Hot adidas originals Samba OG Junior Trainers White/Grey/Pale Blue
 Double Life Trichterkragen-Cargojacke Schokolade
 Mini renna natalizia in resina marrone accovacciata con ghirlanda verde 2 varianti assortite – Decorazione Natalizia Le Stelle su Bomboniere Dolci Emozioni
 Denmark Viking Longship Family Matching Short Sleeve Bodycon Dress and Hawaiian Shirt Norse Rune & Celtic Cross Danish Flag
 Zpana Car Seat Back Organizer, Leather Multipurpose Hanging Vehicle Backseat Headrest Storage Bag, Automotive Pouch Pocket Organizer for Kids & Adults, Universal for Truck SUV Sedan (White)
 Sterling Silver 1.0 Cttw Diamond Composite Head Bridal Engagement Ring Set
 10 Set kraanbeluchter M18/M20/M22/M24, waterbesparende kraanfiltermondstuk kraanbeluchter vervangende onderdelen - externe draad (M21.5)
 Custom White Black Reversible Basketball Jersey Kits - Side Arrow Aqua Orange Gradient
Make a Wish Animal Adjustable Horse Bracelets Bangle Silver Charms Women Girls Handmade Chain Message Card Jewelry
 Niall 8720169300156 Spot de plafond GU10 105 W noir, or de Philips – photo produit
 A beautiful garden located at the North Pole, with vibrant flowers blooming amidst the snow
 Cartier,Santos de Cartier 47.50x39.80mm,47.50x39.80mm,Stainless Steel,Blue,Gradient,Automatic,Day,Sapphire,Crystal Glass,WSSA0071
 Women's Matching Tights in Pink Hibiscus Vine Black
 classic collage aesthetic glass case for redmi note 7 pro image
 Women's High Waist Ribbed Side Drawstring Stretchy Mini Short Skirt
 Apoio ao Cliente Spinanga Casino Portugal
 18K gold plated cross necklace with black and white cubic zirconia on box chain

□ □ □ □ □

**EXERCISE:** Each line in the listing above that includes "Blue" is to be copied.

**FINISHED EXERCISE:**
Hot adidas originals Samba OG Junior Trainers White/Grey/Pale Blue
 Cartier,Santos de Cartier 47.50x39.80mm,47.50x39.80mm,Stainless Steel,Blue,Gradient,Automatic,Day,Sapphire,Crystal Glass,WSSA0071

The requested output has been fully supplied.